El ingreso. Se accede al lugar, donde un joven pide el boleto, lo rompe y lo guarda. Da un par de toallas al cliente. “Uso de sandalias obligatorio”, dice un letrero. Buen consejo para no resbalar con suelo húmedo (y caliente) aparte de servir para prevenir contagio de hongos en los pies. Además, se reservan el derecho de admisión, pues no se permite entrar en estado de ebriedad o bajo el influjo de las drogas. Aclaran igualmente que los niños también pagan boleto… como en el cine.

No hay muchos clientes. Un par de hombres nada más que disfrutan del vapor turco. Se le pregunta a uno de ellos cuál es la diferencia entre un vapor normal y uno turco. “El vapor normal es sólo como una brisita caliente. El vapor sale caliente, pero de manera suave. El vapor turco es más caliente y sale con más fuerza”, explica el hombre, quien dice que visita con frecuencia los baños.

Junto a él, un refresco que hasta hace unos minutos estaba totalmente frío comienza a calentarse cada vez más. Toma un sorbo grande. La temperatura adentro del vapor es casi insoportable. El sudor se funde con el vapor que se condensa y forma gotas de agua, una especie de rocío que cubre los cuerpos.

De vez en cuando los hombres limpian sus rostros del sudor y el agua. El servicio tiene un duración de hora y media. Noventa minutos de vapor que hace sudar, que deshidrata, que hace bajar de peso, como boxeador que no cumple con el pesaje a unas horas de una pelea de campeonato.

De vez en cuando un empleado acude para ofrecer algo de la cafetería-fuente de sodas. “Estamos bien, gracias”, responde uno, quien opta por colocarse una toalla en el rostro.

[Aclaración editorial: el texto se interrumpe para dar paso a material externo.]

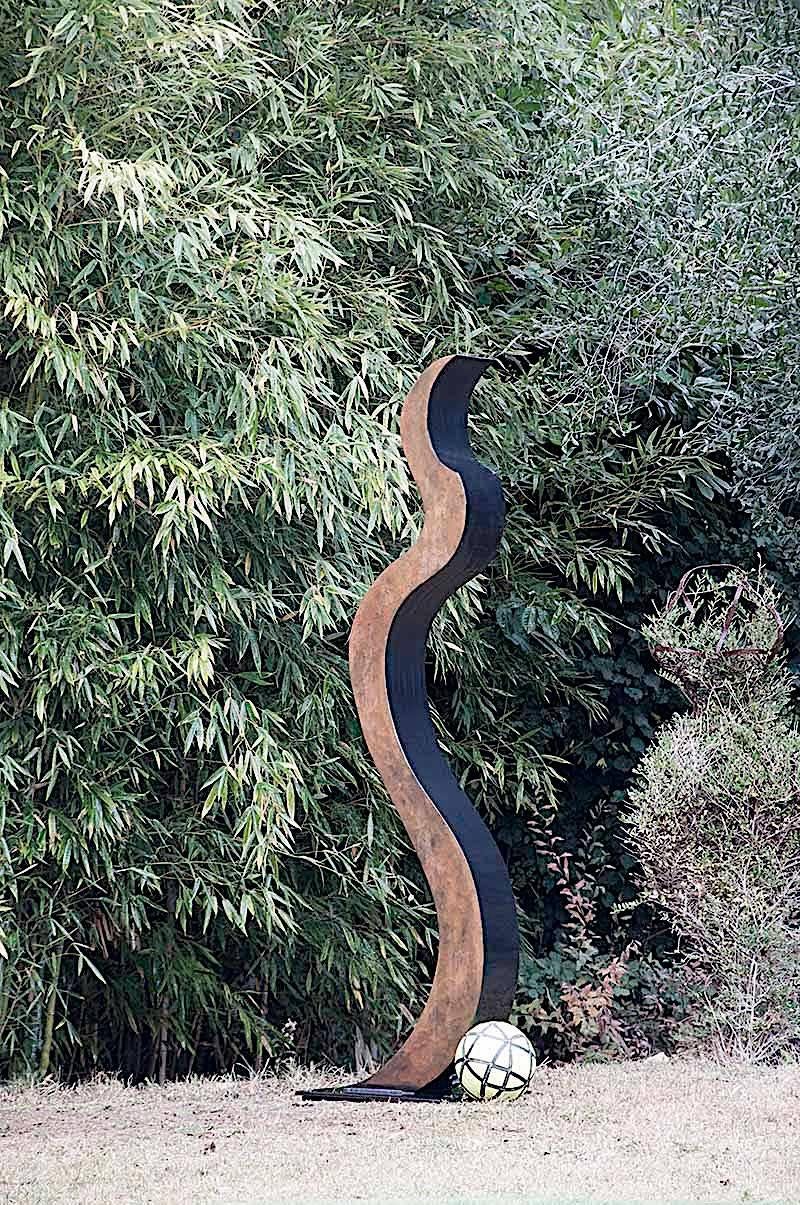 Contemporary outdoor large abstract steel painted sculpture, model Silhouette
Garden sculpture, metal sculpture.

Cambia el color de la piel. Poco a poco las pieles toman una coloración rojiza que casi llegan a quemaduras de primer grado, pero los clientes con más años de acudir a los baños ya están “curtidos” en esas lides.

Después de unos minutos, uno de los presentes se retira. Se quedan dos de los hombres. “Le recomiendo que luego tome una ducha. Se va a sentir mejor y saldrá más fresco que nunca”, dice al otro usuario, quien asiente con la cabeza.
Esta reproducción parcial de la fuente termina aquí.